* **WORK TO COMPLETE**: Could you repeat the listing below exactly while leaving its pictures behind?

* **INFORMATION PROVIDED**:

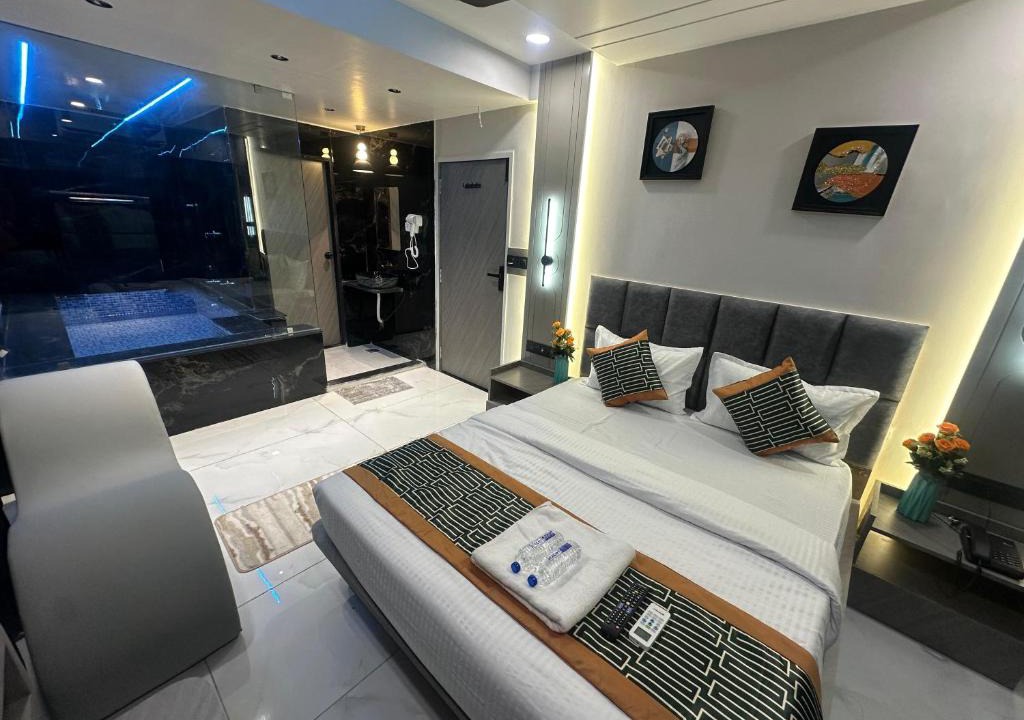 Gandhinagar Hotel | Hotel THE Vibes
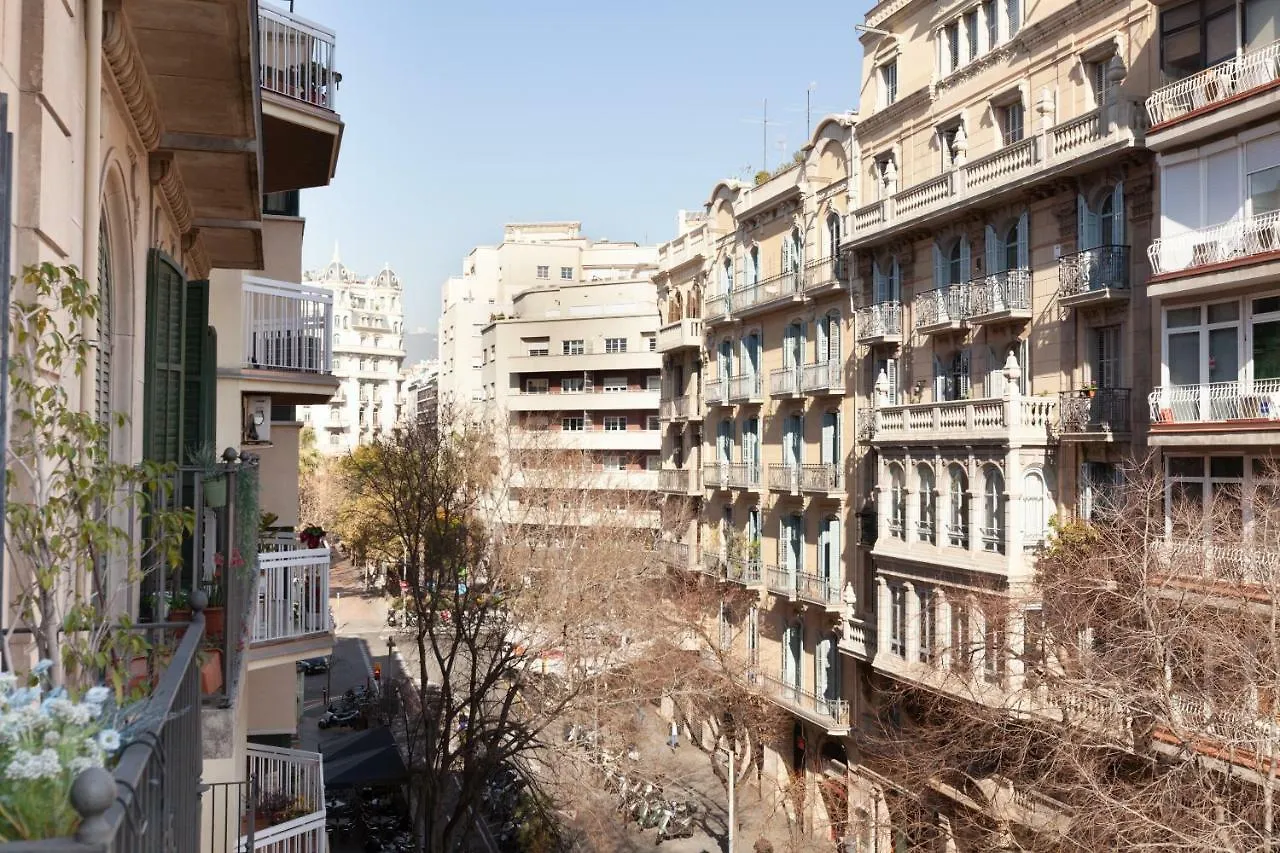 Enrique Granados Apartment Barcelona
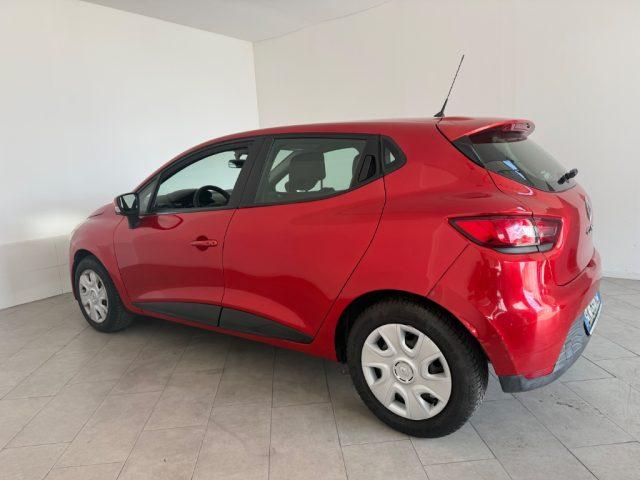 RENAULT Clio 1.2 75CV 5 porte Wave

* **ANSWER TO THIS EXERCISE**:
 Gandhinagar Hotel | Hotel THE Vibes
 Enrique Granados Apartment Barcelona
 RENAULT Clio 1.2 75CV 5 porte Wave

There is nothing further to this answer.